Joanne/WineLady Cooks says
This is a delicious lemon pie. Lemon is a favorite in our family and I know grampy will just love this.
Jo-ann says
Am on my way to the store to pick up needed ingredients. Also, am going to try one with lime just for fun. A post above with the blueberries sounds like a winner too. This is my first time to your site and will be back again. What brand pre- made crusts do you find the best and what is the recipe for the butter crust?

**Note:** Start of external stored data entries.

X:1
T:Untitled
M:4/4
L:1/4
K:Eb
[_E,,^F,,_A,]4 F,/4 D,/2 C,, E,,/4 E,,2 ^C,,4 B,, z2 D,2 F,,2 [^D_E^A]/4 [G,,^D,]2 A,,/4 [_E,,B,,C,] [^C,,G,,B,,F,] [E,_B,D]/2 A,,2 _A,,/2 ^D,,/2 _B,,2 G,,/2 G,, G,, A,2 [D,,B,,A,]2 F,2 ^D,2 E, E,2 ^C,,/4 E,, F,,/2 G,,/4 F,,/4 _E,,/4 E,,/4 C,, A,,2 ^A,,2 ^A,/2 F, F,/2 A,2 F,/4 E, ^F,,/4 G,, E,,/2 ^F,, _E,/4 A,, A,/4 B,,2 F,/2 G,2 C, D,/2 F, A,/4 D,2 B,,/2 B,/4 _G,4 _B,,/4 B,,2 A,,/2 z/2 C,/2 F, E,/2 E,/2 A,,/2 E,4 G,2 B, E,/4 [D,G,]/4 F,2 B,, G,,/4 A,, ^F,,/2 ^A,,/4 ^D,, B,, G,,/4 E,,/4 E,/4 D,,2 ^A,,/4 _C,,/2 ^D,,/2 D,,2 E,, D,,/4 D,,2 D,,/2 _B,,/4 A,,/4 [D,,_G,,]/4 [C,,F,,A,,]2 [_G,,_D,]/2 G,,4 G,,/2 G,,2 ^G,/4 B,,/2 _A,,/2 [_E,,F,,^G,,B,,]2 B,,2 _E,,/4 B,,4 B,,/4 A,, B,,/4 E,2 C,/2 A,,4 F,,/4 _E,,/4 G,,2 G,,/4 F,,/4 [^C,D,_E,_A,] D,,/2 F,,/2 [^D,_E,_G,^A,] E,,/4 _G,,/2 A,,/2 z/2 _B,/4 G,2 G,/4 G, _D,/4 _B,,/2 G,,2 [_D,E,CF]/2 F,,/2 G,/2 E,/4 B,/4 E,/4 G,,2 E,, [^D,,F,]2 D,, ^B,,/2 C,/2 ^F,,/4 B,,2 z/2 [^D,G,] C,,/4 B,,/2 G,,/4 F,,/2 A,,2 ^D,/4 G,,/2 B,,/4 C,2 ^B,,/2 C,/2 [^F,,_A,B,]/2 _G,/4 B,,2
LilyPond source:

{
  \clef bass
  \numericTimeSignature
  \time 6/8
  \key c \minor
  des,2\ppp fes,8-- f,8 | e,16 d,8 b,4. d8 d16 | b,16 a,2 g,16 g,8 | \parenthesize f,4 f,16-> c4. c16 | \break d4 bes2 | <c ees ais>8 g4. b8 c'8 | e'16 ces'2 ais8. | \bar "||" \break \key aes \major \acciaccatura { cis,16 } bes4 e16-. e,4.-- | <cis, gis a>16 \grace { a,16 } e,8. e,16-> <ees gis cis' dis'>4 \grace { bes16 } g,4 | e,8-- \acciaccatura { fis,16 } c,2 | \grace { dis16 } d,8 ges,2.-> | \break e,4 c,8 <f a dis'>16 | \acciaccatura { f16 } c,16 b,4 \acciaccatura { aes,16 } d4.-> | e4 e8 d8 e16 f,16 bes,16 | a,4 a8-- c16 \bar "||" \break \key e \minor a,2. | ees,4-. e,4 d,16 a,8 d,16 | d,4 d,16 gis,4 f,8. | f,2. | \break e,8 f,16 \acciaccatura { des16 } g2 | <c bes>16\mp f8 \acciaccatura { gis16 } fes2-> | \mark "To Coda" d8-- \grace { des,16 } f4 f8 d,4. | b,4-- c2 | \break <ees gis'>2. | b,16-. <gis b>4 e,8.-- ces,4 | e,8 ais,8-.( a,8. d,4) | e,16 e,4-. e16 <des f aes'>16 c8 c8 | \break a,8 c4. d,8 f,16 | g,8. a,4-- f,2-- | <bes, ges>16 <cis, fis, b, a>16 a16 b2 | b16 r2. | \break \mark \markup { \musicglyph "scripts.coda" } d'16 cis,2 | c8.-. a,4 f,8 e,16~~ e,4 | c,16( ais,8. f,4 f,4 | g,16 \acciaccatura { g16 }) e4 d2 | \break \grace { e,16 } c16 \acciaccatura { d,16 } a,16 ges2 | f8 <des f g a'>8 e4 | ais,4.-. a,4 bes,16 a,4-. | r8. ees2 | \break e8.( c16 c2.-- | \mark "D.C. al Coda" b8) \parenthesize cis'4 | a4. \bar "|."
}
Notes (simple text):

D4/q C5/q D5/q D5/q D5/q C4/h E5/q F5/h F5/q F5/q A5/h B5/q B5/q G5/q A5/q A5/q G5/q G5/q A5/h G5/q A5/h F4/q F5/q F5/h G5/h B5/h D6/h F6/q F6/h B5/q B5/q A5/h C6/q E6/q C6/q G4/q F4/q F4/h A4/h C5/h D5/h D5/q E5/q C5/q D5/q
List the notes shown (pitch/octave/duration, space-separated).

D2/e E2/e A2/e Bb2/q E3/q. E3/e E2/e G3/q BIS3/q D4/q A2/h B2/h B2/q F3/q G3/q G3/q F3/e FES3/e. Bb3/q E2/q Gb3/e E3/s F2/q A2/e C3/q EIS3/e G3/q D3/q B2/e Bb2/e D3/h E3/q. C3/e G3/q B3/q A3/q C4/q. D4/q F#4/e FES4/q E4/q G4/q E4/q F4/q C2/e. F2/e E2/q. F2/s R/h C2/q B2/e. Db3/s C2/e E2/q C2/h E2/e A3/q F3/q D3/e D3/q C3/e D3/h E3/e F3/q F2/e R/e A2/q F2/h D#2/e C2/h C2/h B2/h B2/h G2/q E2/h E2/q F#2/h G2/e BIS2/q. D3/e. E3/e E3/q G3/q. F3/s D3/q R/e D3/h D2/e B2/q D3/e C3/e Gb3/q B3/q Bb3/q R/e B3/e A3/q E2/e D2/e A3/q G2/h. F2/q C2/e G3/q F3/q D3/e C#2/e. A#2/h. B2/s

Changing the subject but am making chocolate P-nut butter brownies for my Grandson and need a tried and true recipe for P- nut butter frosting. I have taken several off the internet but don’t have the time for a “redo”. If you have one I would greatly appreciate it!!
bunny says
I don’t have a favorite premade pie crust Jo-ann, I have an all butter crust that I always use. If you look at the Dutch Apple Pie recipe on my blog you’ll see the all butter crust i always use. The Peanut Butter Frosting on the Chocolate cake with Peanut Butter frosting is delicious.
Bonnie says
hi, I was just wondering if its possible to use fat free Greek yogurt instead of the sour cream or if that would ruin it. I always use fat free Greek yogurt in place of sour cream on potatoes etc…
bunny says
I’ve never done that with this recipe Bonnie but I have subbed yogurt for sour cream in other recipes that worked out well.
Bonnie says
Hi this looks so good but I was wondering if anyone has tried it with fat free Greek yogurt vs sour cream. I usually sub yogurt for sc but I’m afraid to here!
bunny says
I’ve never made it that way Bonnie but I have subbed yogurt for sour cream in other recipes before.
Cathy says
Can the sour cream be substituted with something else
bunny says
Cathy I have subbed yogurt for sour cream in other recipes, but never this one.Let me know if you do it!